Wednesday, October 18, 2017

Russell Martin: 'Picasso's War' (2002)

Russell Martin, Picasso's War: The Destruction of Guernica, and the Masterpiece That Changed the World. New York: Dutton, 2002.

The way it's organized:
The Spanish Dead
Remembering the Bullring
Images Spilling from Fingers
Save Spain!
A Wearable Pair of Boots
The Last Refugee
Guernica in Gernika

Highly absorbing book, providing background, context, a detailed account of artistic creation, setting, display, impact, rescue, and ongoing installation.
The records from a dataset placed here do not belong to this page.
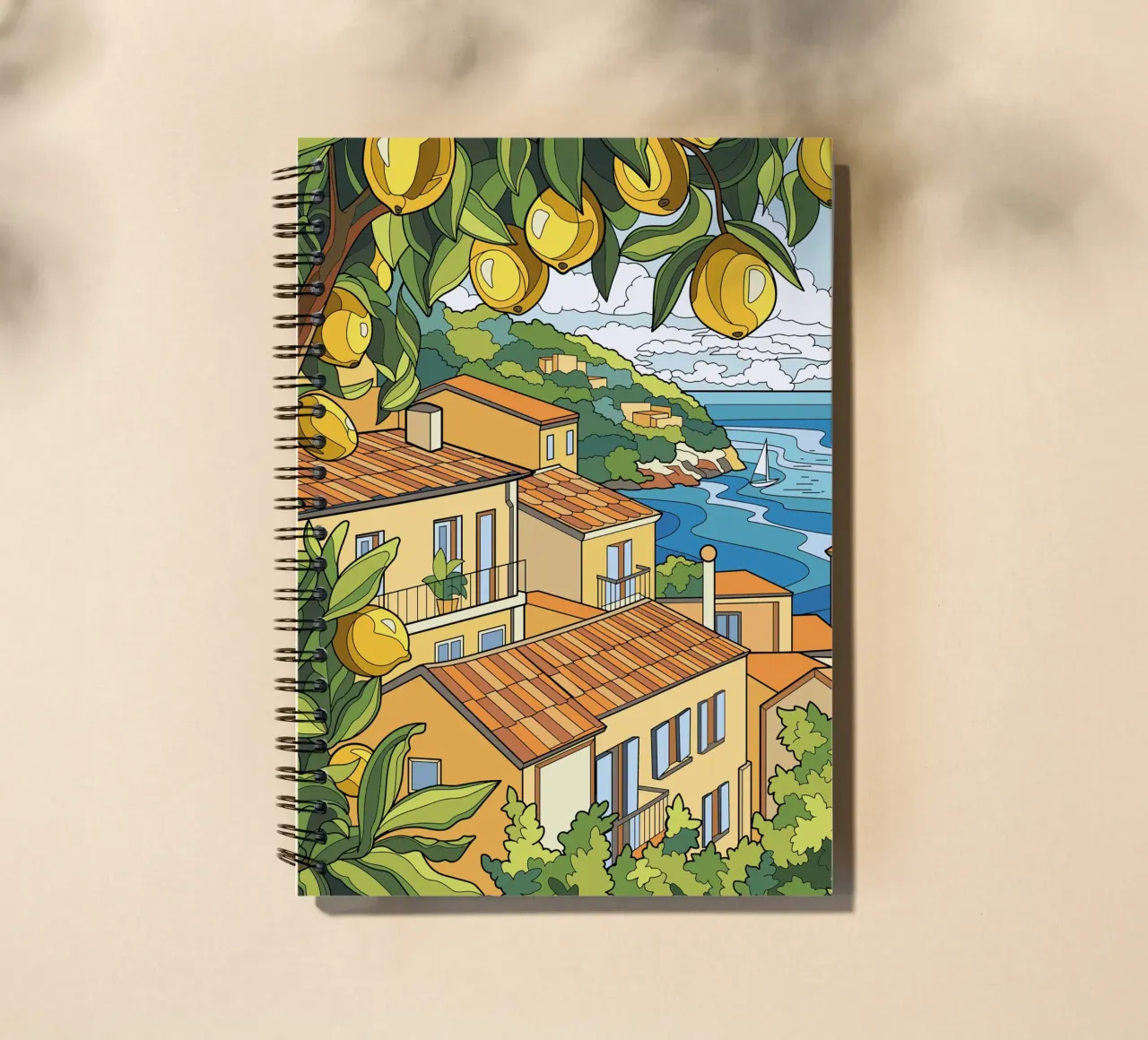 Zitrone am Meer Ringbuch von Fanya Art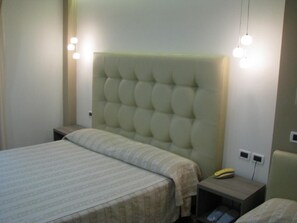 Down duvets, minibar, in-room safe, desk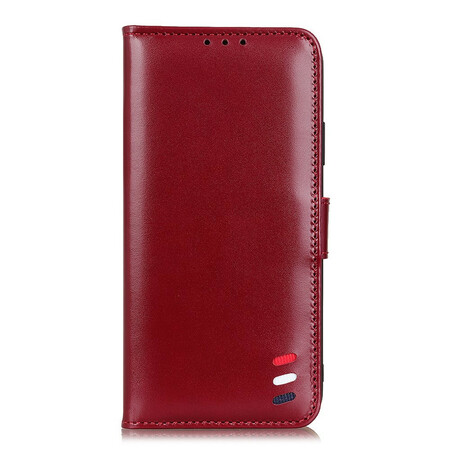 Flip Cover Samsung Galaxy Note 10 Lite Lederoptik Tricolor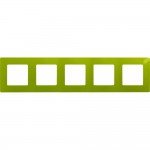 Рамка LEGRAND Etika 5 постів зелена папороть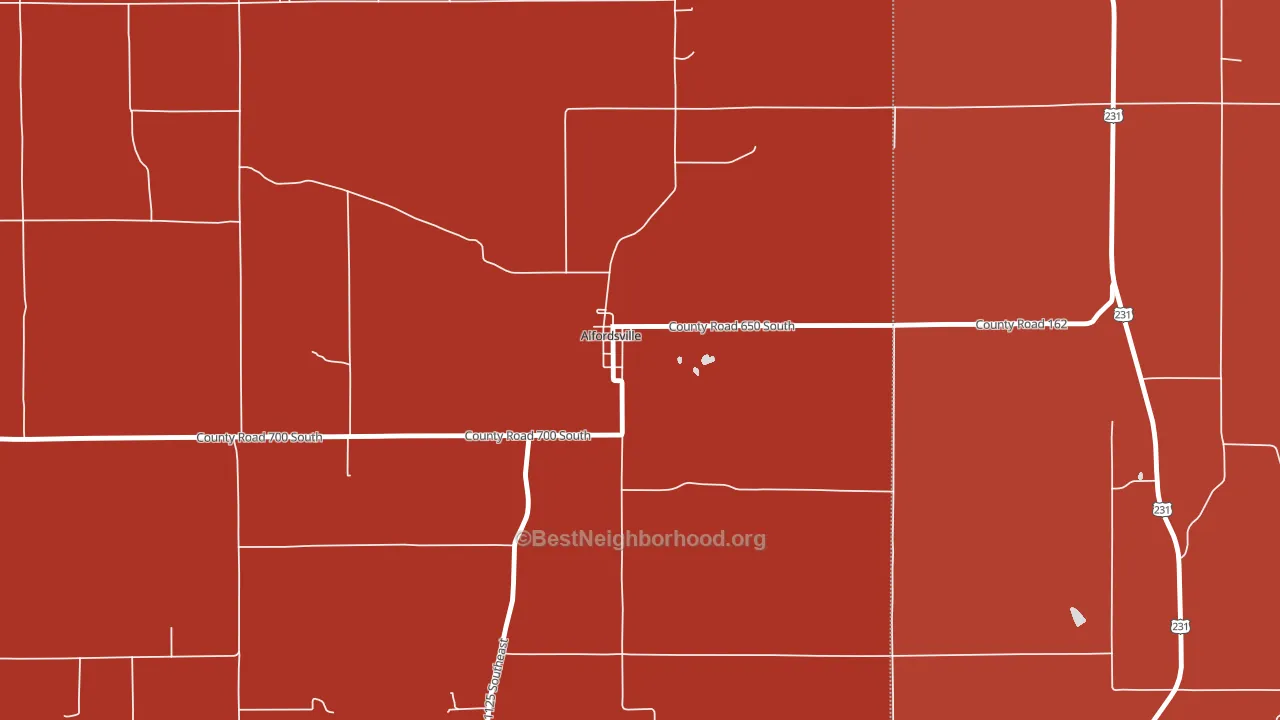 Alfordsville, IN block-group political-lean map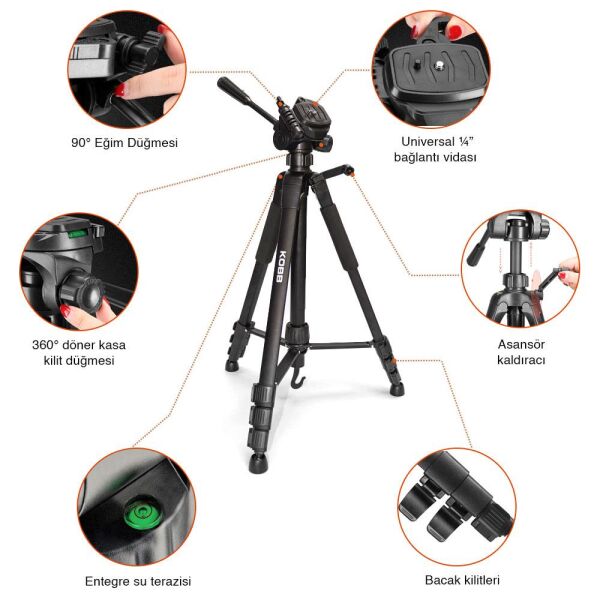 KOBB KBL20T Tripod Sehpa 160 cm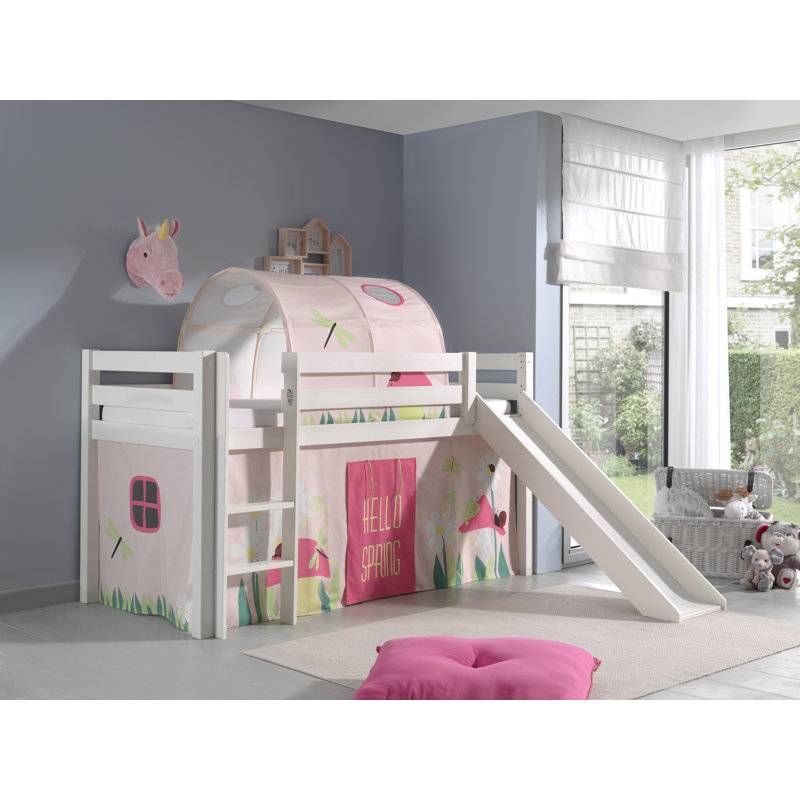 Escalera Loft Bed, 90 x 200 cm, Standard, White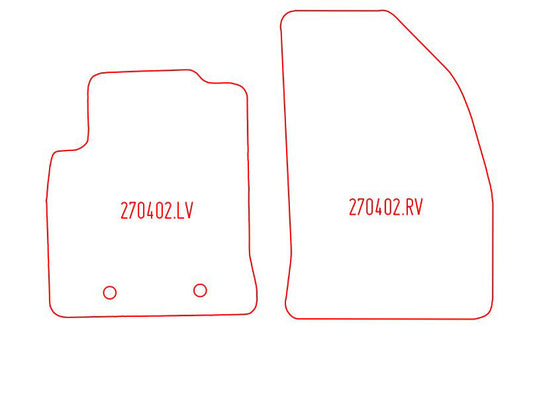 Automatten Ford Fusion (2005-2012)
We see why Picasso was moved to perform his artistic duties on behalf of the Spanish Republic, then under attack by Nazi and fascist-backed brutes from 1936 until 1939. Martin shows how Picasso's response to the German-Italian air assault against Guernica on April 26, 1937 led to the creation of his Guernica masterpiece.  

A vivid account of the bombing, how word of it spread (and was also denied by the usual suspects), and how Picasso's work was displayed at the Spanish Pavilion at the Paris Expo, the Exposition Internationale des Arts et Techniques dans la Vie Moderne (International Exposition of Art and Technology in Modern Life) that ran later in 1937. At this utterly surreal expo, giant German Nazi architecture ranged against Soviet symbols, even as German and Italian military forces and equipment faced off against Soviet equipment and advisers in the ongoing Spanish Civil War. 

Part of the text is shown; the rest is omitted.